- **Data section**

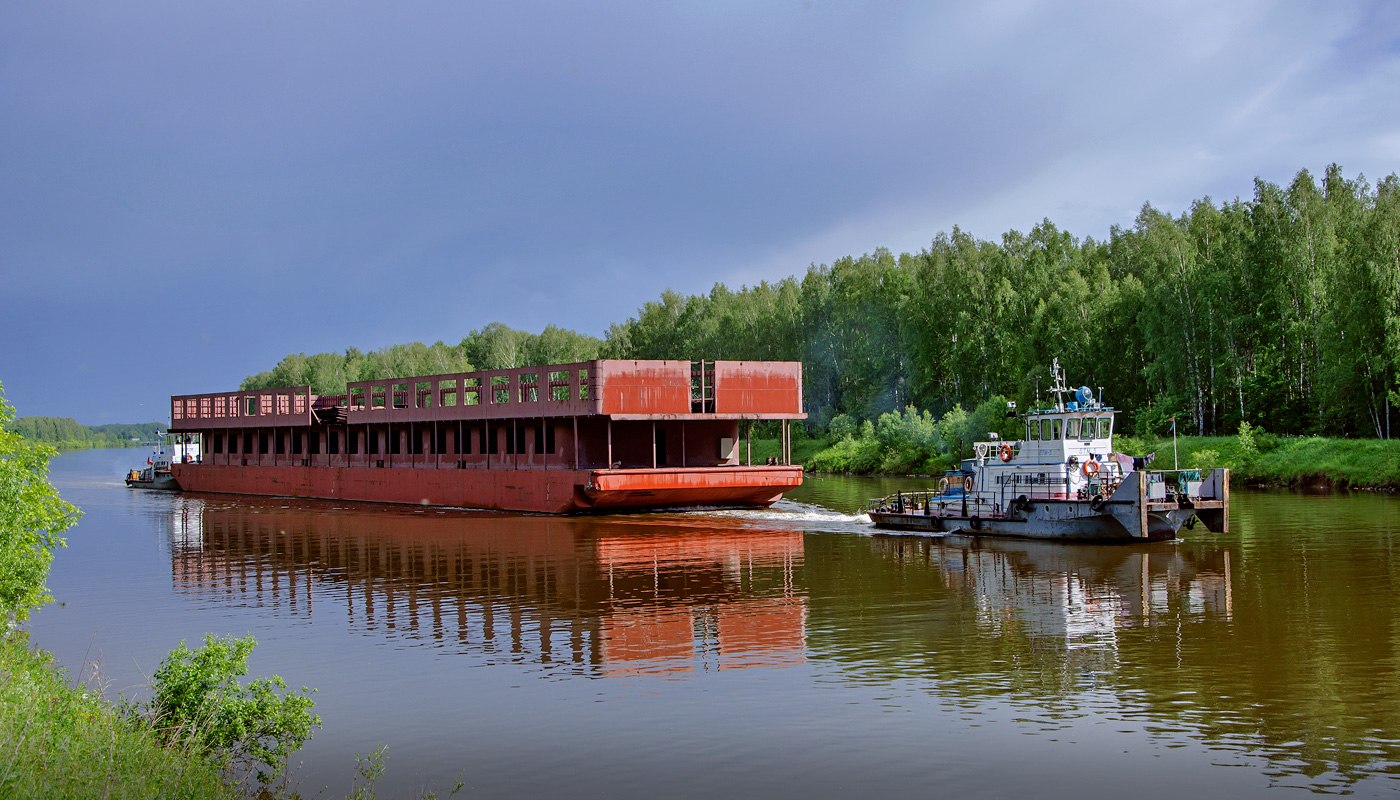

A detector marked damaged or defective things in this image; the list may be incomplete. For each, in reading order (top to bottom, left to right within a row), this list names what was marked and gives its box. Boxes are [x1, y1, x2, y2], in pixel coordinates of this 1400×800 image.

rusty steel hull [172, 460, 800, 516]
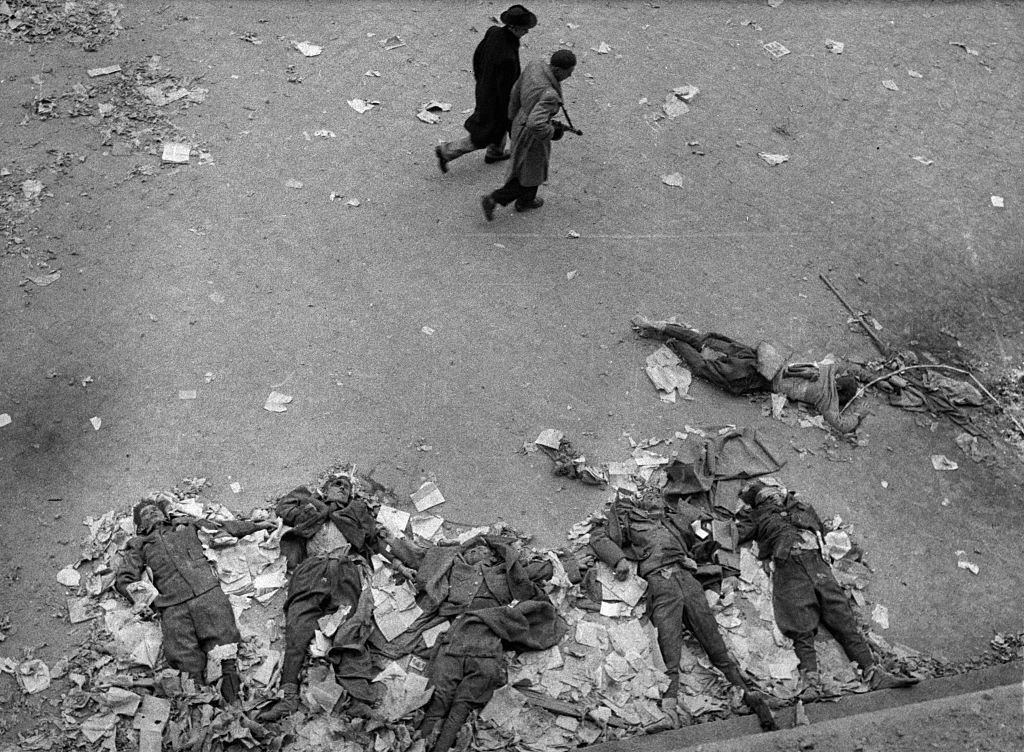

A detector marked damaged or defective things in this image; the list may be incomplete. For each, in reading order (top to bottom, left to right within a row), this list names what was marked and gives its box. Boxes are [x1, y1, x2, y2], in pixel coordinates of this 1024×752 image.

torn paper scrap [264, 395, 292, 411]
torn paper scrap [532, 426, 565, 450]
torn paper scrap [407, 483, 444, 512]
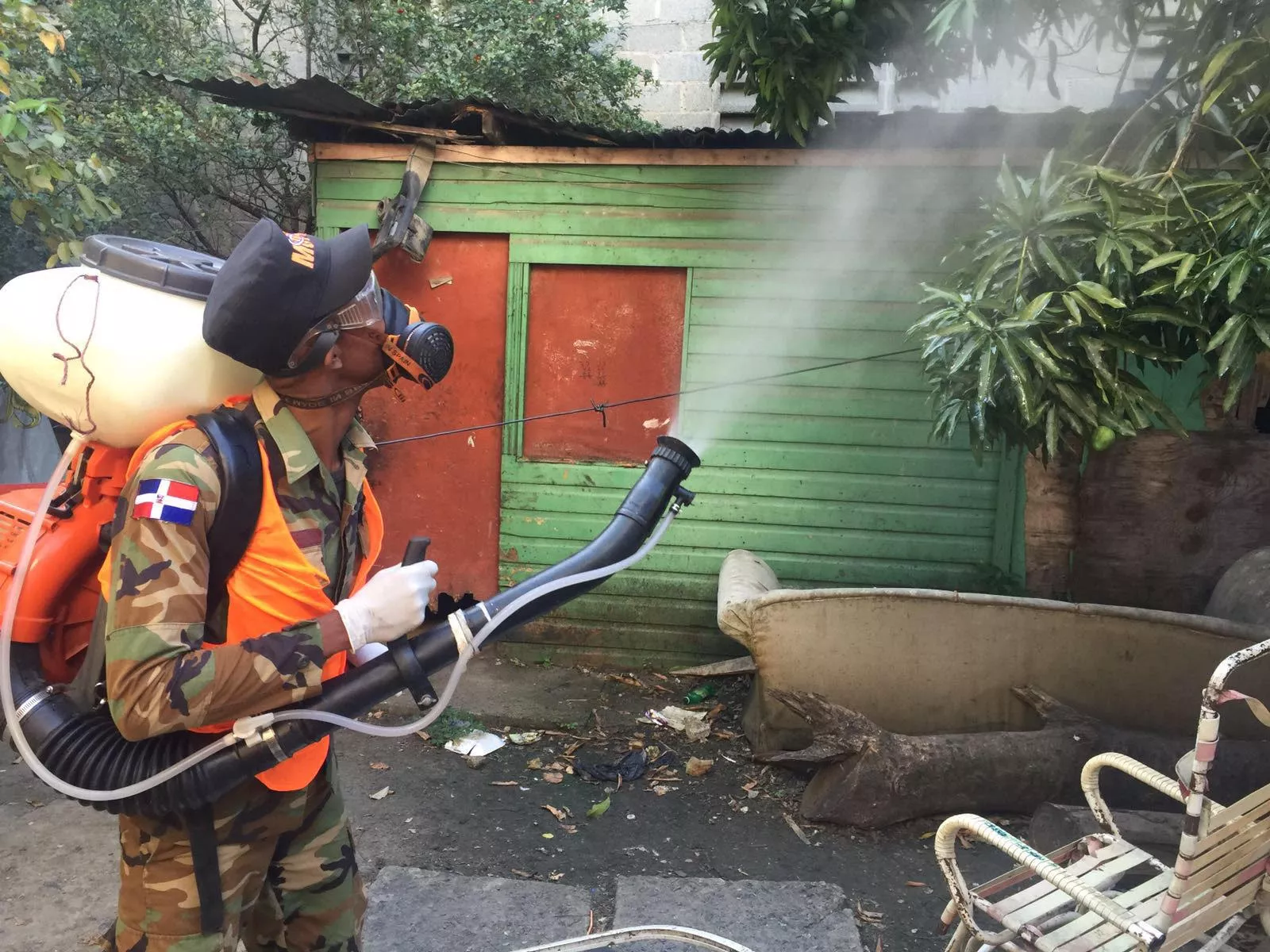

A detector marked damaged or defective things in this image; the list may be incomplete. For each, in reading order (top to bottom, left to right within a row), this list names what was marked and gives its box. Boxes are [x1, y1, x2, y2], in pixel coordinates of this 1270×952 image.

broken wicker chair [933, 635, 1270, 946]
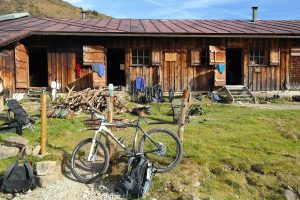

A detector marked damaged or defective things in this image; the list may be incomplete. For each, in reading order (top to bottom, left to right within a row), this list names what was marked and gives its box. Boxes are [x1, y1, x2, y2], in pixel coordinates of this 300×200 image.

rusty metal roof [0, 16, 300, 46]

- **Problem details**
Without the pictures, return all the records precisely as they stand.

- **Answer to the problem**
A detector marked damaged or defective things in this image; the list may be incomplete. For each, in reading order (top to bottom, left to right within a row), this list names what was marked and gives its box. Boxes are [x1, y1, x2, y2], in pixel coordinates of this 1400×800 image.

rusty steel hull [172, 460, 800, 516]

A detector marked damaged or defective things in this image; the list may be incomplete. For each, in reading order (top to bottom, left to right within a row), this list names what was marked and gives its box. Boxes are [x1, y1, x2, y2], in pixel coordinates of this 1024×752 image.

torn paper scrap [264, 395, 292, 411]
torn paper scrap [532, 426, 565, 450]
torn paper scrap [407, 483, 444, 512]

A detector marked damaged or defective things in this image; the list may be incomplete. For each, in reading order (top to bottom, left to right within a row), this list names what was marked and gives its box. Boxes are [x1, y1, x2, y2], in pixel coordinates of this 1270×952 image.

broken wicker chair [933, 635, 1270, 946]

A detector marked damaged or defective things in this image; the list may be incomplete. For each, in reading order (top to bottom, left to right within a row), this list names what was marked and gives its box. Boxes are [x1, y1, x2, y2], in pixel coordinates of this 300×200 image.

rusty metal roof [0, 16, 300, 46]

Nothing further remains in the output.